Machine learning is a core technology of AI (artificial intelligence) . There are various methods for machine learning, but they can be divided into three types , “supervised learning,” “unsupervised learning,” and “reinforcement learning,” depending on the learning method and input data .
In this column, I will explain in detail the three types of learning methods of machine learning.
Supervised learning is a method in which a computer learns using a learning model built on data with known correct labels and numerical values . It is the simplest learning method of machine learning, and it is characterized by the fact that it is easy to obtain results that are close to the predictions made by humans in classification and prediction .
Supervised learning is also used when predicting the future from historical data . For example, market forecasts for stock trading and estimates of clients who often buy their products. To improve the accuracy of supervised learning , prepare learning data that makes it easy to extract features so that it can be classified as designed by humans .
Supervised learning tasks “identification” and “regression”
There are two typical tasks in supervised learning: “identification” and “regression”. “Identification” is to enter an image and classify it into several predetermined classes such as dogs and cats as the correct answer . “Regression” is a task such as inputting the temperature and predicting the sales volume of books .
For example, if you want to classify shoe images in supervised learning, prepare thousands to tens of thousands of pictures of various shoes as learning data. Label the images with the correct answers, “This is high heels,” “This is pumps,” and “This is boots.” The combination of this correct label and the huge amount of image data prepared is loaded into the machine learning program. From there, we will observe the combination of image data and correct labels to find a model for successfully classifying “high heels,” “pumps,” and “boots.”
Unsupervised learning is a learning method that finds groups with common characteristics and extracts information that characterizes the data from input data that does not have a correct answer label .
Clustering is a typical task of unsupervised learning . Clustering automatically finds data with similar characteristics from the data and divides it into several types of groups . For example, you can group users with similar purchasing behavior from user purchasing data such as age and gender consumption tendency, or extract user preferences from survey data.
Advantages and disadvantages of unsupervised learning
The advantage of unsupervised learning is that it is easier to get started than supervised learning because the data does not need to be labeled correctly . In addition, unsupervised learning can classify data without correct answer labeling , compared to supervised learning, which requires manual correct answer labeling .
On the other hand, since it is not possible to predict what kind of classification criteria a computer will create, it seems that while it is possible to find a classification method that humans cannot imagine, classification is not practically useful . There are also disadvantages such as being unable to determine how to use the results derived from unsupervised learning.
Unlike supervised learning and unsupervised learning, “reinforcement learning” is a method of finding the best judgment while actually acting on tasks that take time to produce results or require many repetitions . .. Of automobile automatic operation , the robot of control and AlphaGo (alpha go) has been used in games such as typified by.
As with unsupervised learning, only input is prepared as learning data, but rewards are given according to the quality of output (behavior) . The optimum solution is reached by learning by trial and error what kind of action should be taken to obtain the maximum “reward” .
Learning method and its principle in the case of reinforcement learning
At the time of input, decide the reward in advance, such as “If you can do it, +1 point”. At first, the computer is in a state of “I don’t know what to do”, so it will move randomly from the options I have prepared. However, when the reward is received, it remembers “what state” and “what” the reward was received.

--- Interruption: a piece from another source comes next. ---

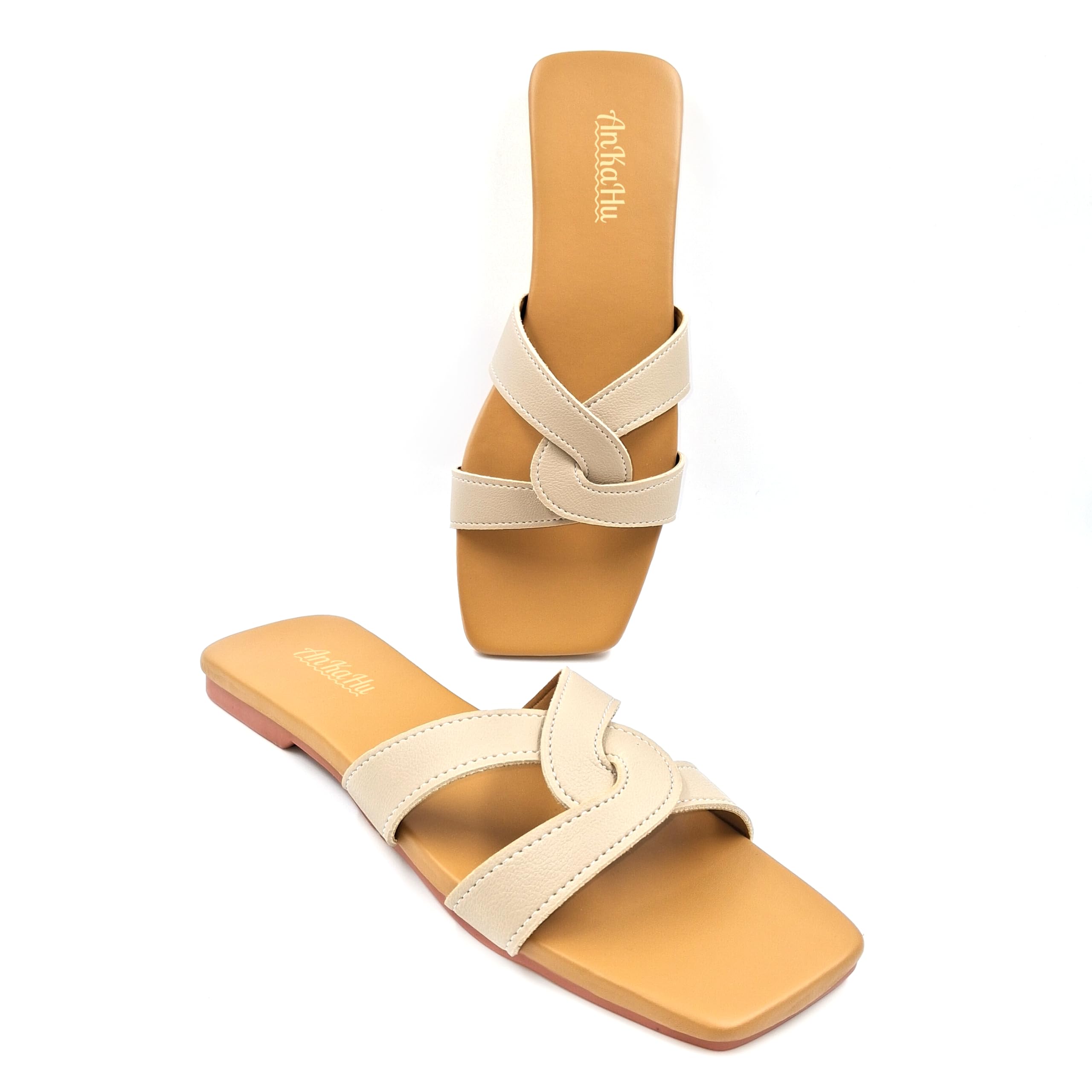 ankahu flats for women stylish daily use trendy model beige flip flops girls slippers Footwear | Flat slides sandals for woman-picture-13
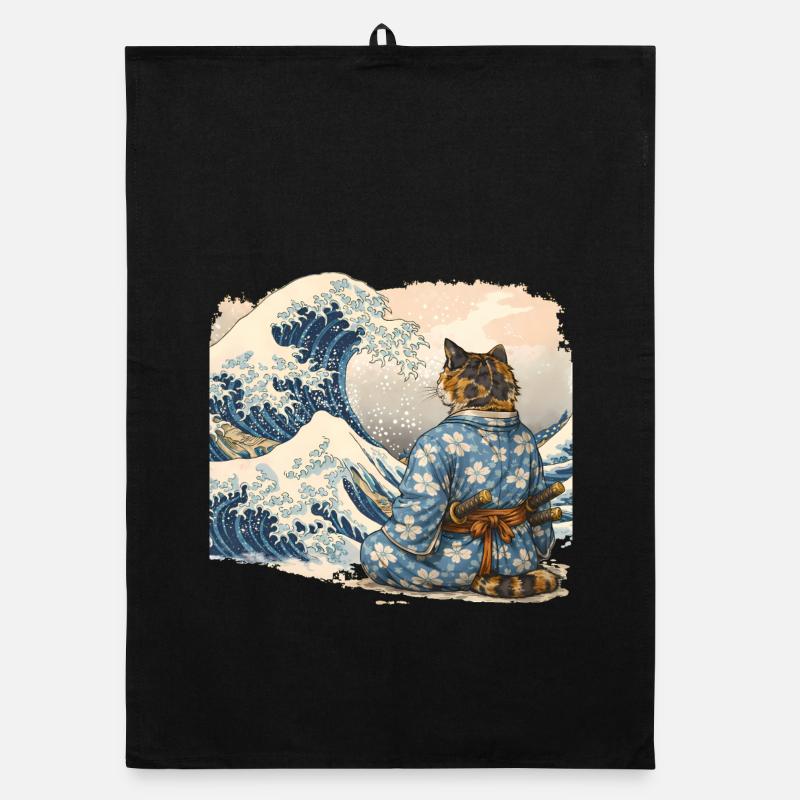 Samurai Cat Wave Japanese Ukiyo-e Style Organic dish towel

Next, while leaving a random movement, it moves using the previous memory as a clue. If you get a reward again, you will remember “what you did” in “what state”. By repeating this process, you will acquire a pair of “state” and “action” that will give you a reward.
When you start keeping a dog or cat, you will use food to listen to human instructions. When dogs and cats receive rewards from humans, they begin to make trial and error on how to receive rewards (= food). Eventually, you will be able to realize the fact that you will receive a reward (= bait) in this process, and you will be able to earn a reward. Reinforcement learning is based on the same idea.